Besides, the Budget has deferred the significant economic presence rules for companies that do business in India. This is a big measure for the digital economy. It means just because a foreign company sells a product in India (often a digital product), the tax department cannot deem it a domestic company and tax it accordingly. The provision was supposed to ring in from the next financial year, but has been pushed back to 2022-23. This was, in fact, a 2018 proposal, but the deferral is significant. The US-India Strategic Partnership Forum has promptly cheered it. “There is an applaudable effort to align India’s digital taxation policy with global norms,” it said.
There are, of course, caveats. The one per cent tax at source imposed on sellers on e-commerce platforms will hurt both Amazon and Walmart-Flipkart. And there are also the widening customs duties on ICT products. Yet, the domestic production lines for these products are expected to be the wholly-owned Indian subsidiaries of foreign digital giants.

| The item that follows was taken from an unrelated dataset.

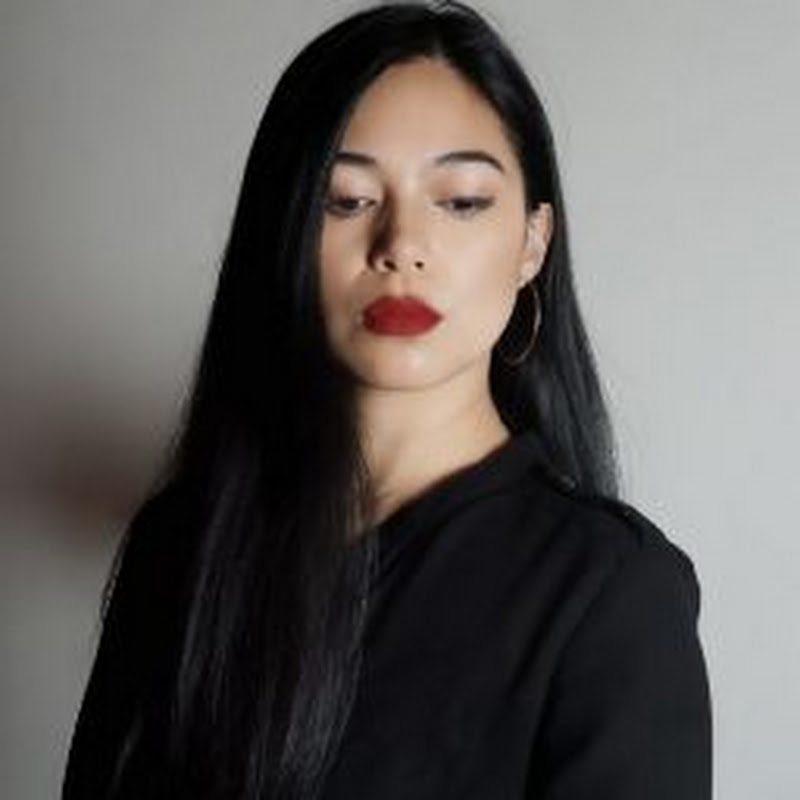 Nina “Nina” Hägg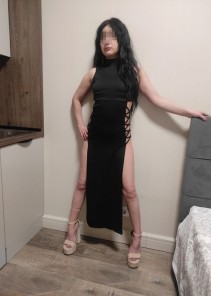 Фото проститутки Жасмин №3 в городе Железноводск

There is another clutch of investors: domestic start-ups. For them, Finance Minister Nirmala Sitharaman
has offered incentives. These include deferring tax payment on Employee Stock Option Schemes and increasing revenue threshold to Rs 100 crore for claiming profit exemption for a period of three years out of the first 10. Again, start-ups know their major source of money will not be the domestic banks, but a different class of investors which, in turn, will largely be financed by foreign money such as SoftBank and other Silicon Valley-based funds.
True, the Budget makes a targeted sectoral push for airports, roads, cement, steel and construction industry, but these are meant for companies that are planning to invest to raise capacity. The largest swathe of Indian industry is still not talking in those terms; it was looking at the government to find the money, which would make the domestic consumer feel rich enough to buy. That has not happened.

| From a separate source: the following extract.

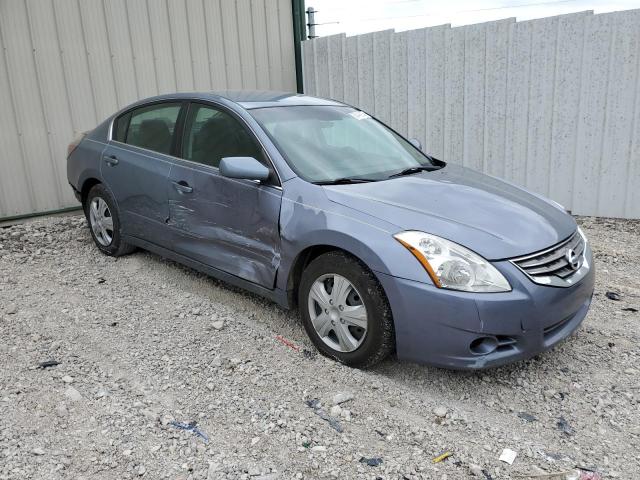 Photo 4 from auction – 2011 NISSAN ALTIMA BAS with VIN 1N4AL2AP6BC144632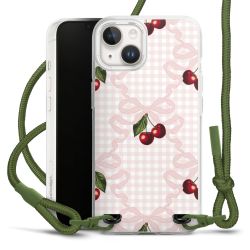 Carry Case fabric olive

Another notable announcement is the support to build the National Mission on Quantum Technologies and Applications. Sitharaman has provided Rs 8,000 crore for a period of over five years for it. No other project in fundamental research has received a similar scale of government funding, and no domestic company has the capability to fulfil these requirements.
And then, there is announcement of a policy for private sector to build Data Centre parks. Arguably, these are meant to complement India’s promised push for data localisation. But, guess which business segments have made the most noise over it over the weekend?

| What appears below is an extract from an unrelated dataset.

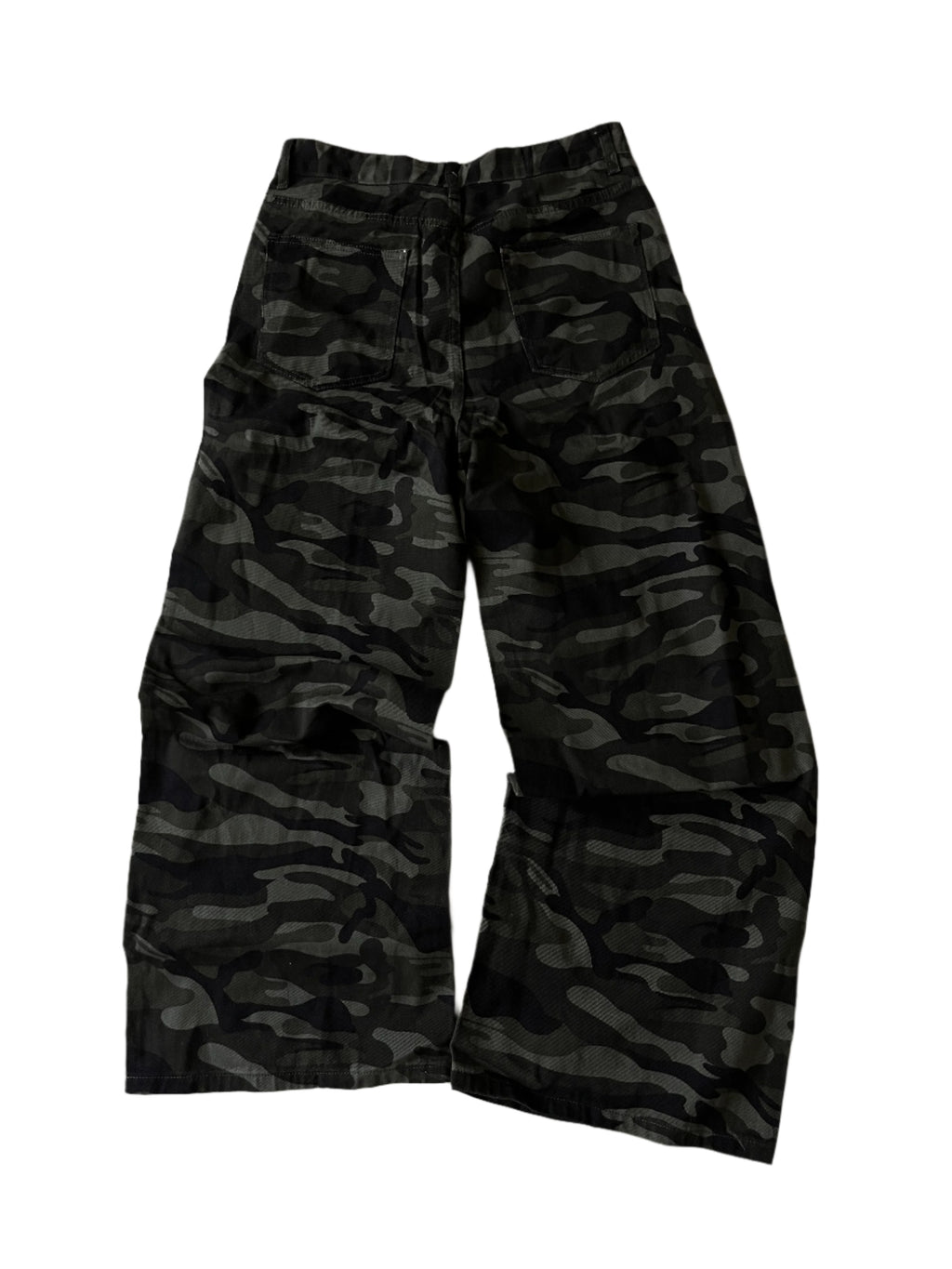PureCamo V1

Also, the contrasting fate of two key demands shows which way the wind blew this Budget. One demand to remove long-term capital gains tax, introduced by former finance minister Arun Jaitley in 2018, was mostly by domestic asset holders. The tax remains. Another demand, mostly by foreign constituencies, was to remove the DDT. It has gone.
Finally, there is a small matter of higher taxation threshold for Non-resident Indians (NRIs). Many newspapers have carried lists of Indian business leaders who carry the NRI tag. In a small way, the government seems to be differentiating between the wealth creators and wealth holders. That could hurt the fortunes of some of the established business wealth holders in India.